Records from a data collection:
****************************************
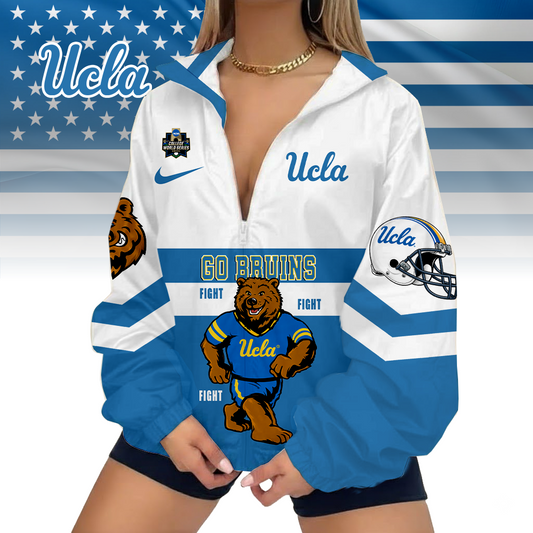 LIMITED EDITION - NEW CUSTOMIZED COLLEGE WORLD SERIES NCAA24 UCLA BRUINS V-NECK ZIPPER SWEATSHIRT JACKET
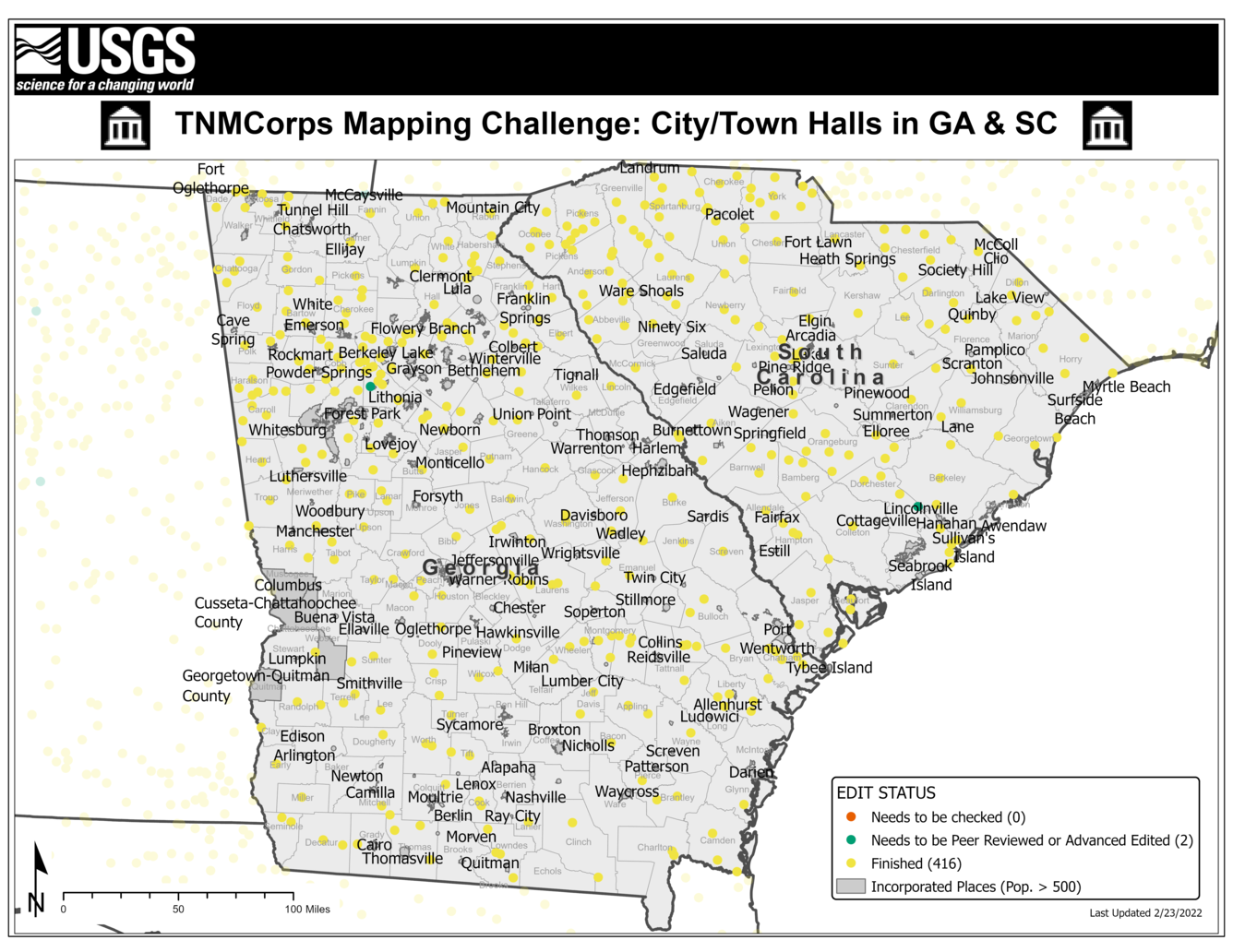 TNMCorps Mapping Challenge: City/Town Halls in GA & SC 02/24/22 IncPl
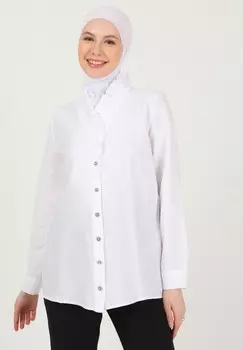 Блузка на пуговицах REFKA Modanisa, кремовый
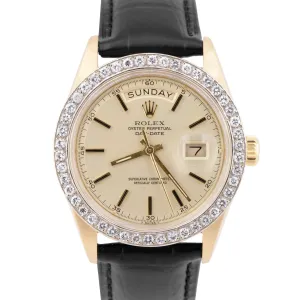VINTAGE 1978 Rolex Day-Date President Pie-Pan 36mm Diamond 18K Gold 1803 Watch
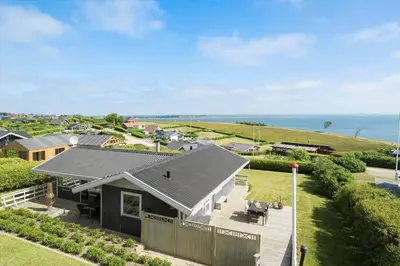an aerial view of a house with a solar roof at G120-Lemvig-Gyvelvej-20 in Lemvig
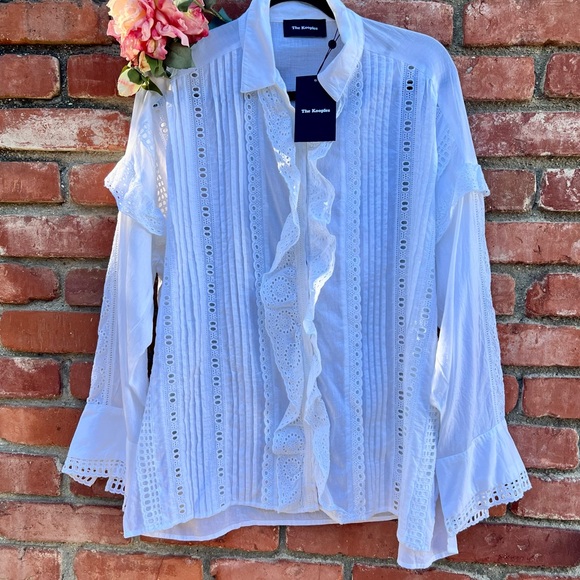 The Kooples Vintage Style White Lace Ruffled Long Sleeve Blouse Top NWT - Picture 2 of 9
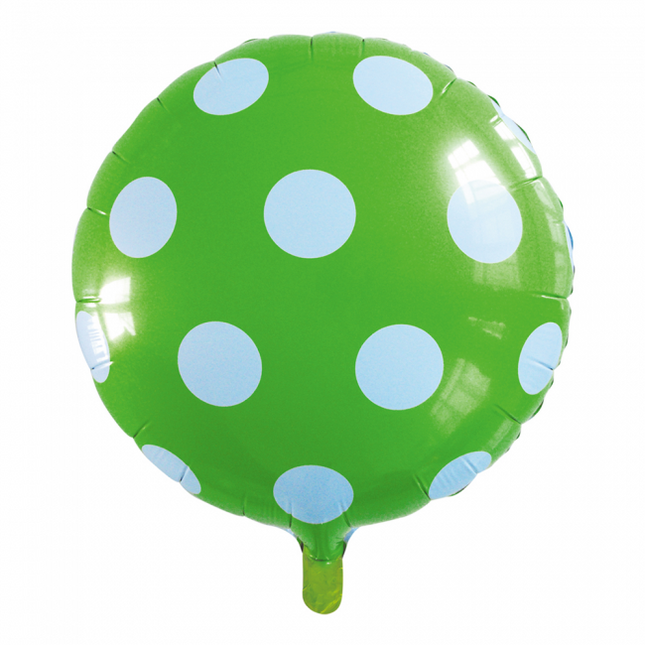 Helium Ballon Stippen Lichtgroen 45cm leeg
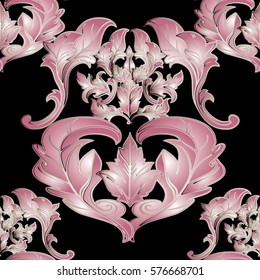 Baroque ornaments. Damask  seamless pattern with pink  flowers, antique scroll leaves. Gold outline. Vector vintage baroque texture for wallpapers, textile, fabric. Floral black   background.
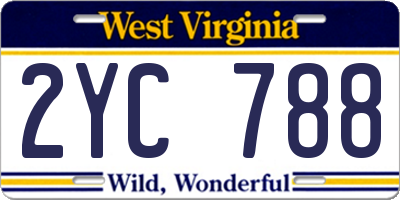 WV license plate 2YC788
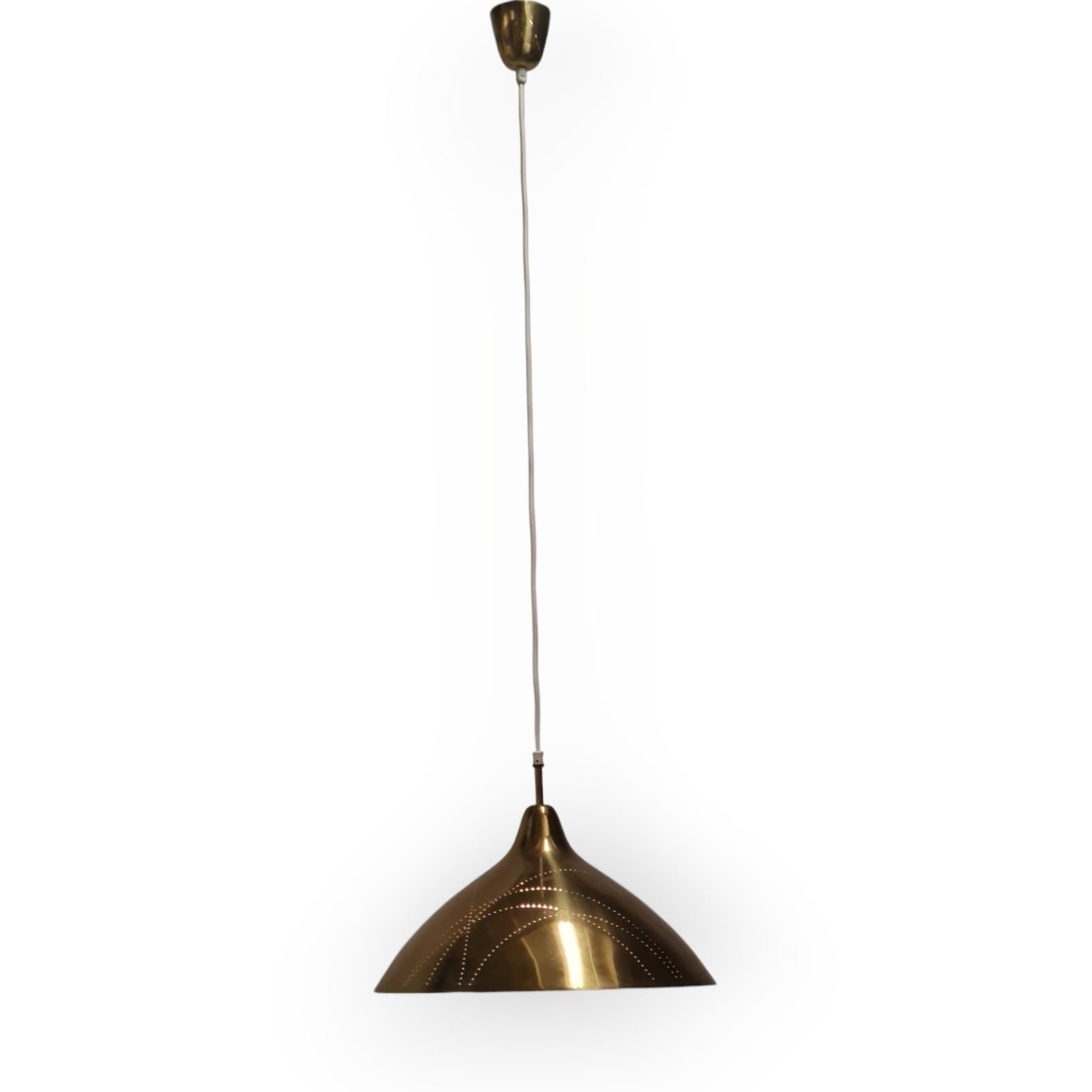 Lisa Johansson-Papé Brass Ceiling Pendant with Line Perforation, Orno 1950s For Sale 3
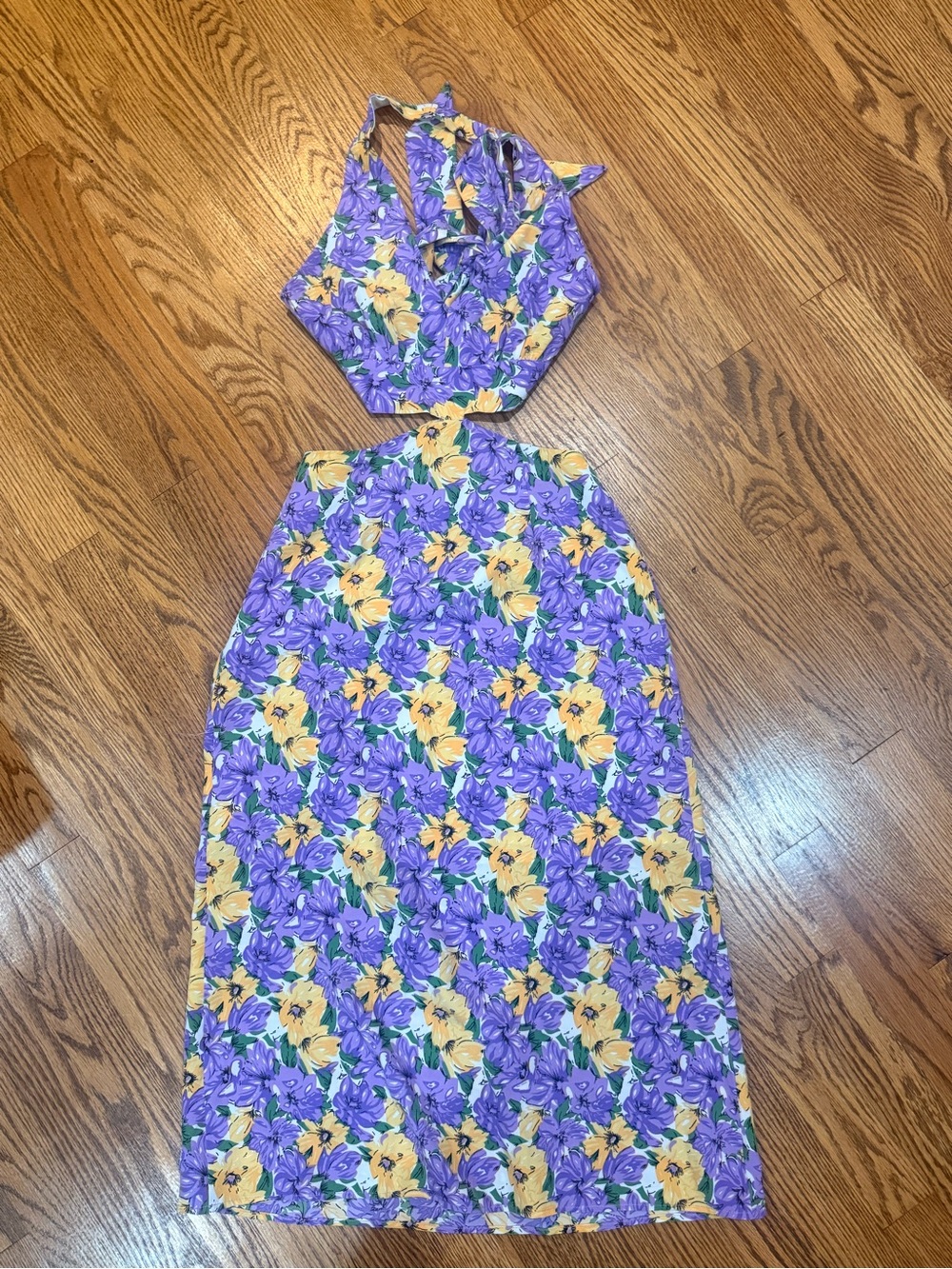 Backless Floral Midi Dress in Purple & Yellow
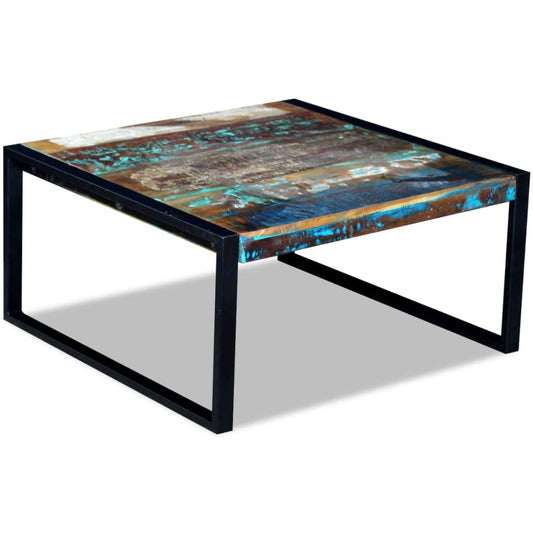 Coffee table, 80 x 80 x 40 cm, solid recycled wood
****************************************
▶ [WORK ITEM] Please copy the records above word for word, leaving out every picture.

▶ [OUTPUT FOR THIS EXERCISE]
 LIMITED EDITION - NEW CUSTOMIZED COLLEGE WORLD SERIES NCAA24 UCLA BRUINS V-NECK ZIPPER SWEATSHIRT JACKET
 TNMCorps Mapping Challenge: City/Town Halls in GA & SC 02/24/22 IncPl
 Блузка на пуговицах REFKA Modanisa, кремовый
VINTAGE 1978 Rolex Day-Date President Pie-Pan 36mm Diamond 18K Gold 1803 Watch
an aerial view of a house with a solar roof at G120-Lemvig-Gyvelvej-20 in Lemvig
 The Kooples Vintage Style White Lace Ruffled Long Sleeve Blouse Top NWT - Picture 2 of 9
 Helium Ballon Stippen Lichtgroen 45cm leeg
 Baroque ornaments. Damask  seamless pattern with pink  flowers, antique scroll leaves. Gold outline. Vector vintage baroque texture for wallpapers, textile, fabric. Floral black   background.
 WV license plate 2YC788
 Lisa Johansson-Papé Brass Ceiling Pendant with Line Perforation, Orno 1950s For Sale 3
 Backless Floral Midi Dress in Purple & Yellow
 Coffee table, 80 x 80 x 40 cm, solid recycled wood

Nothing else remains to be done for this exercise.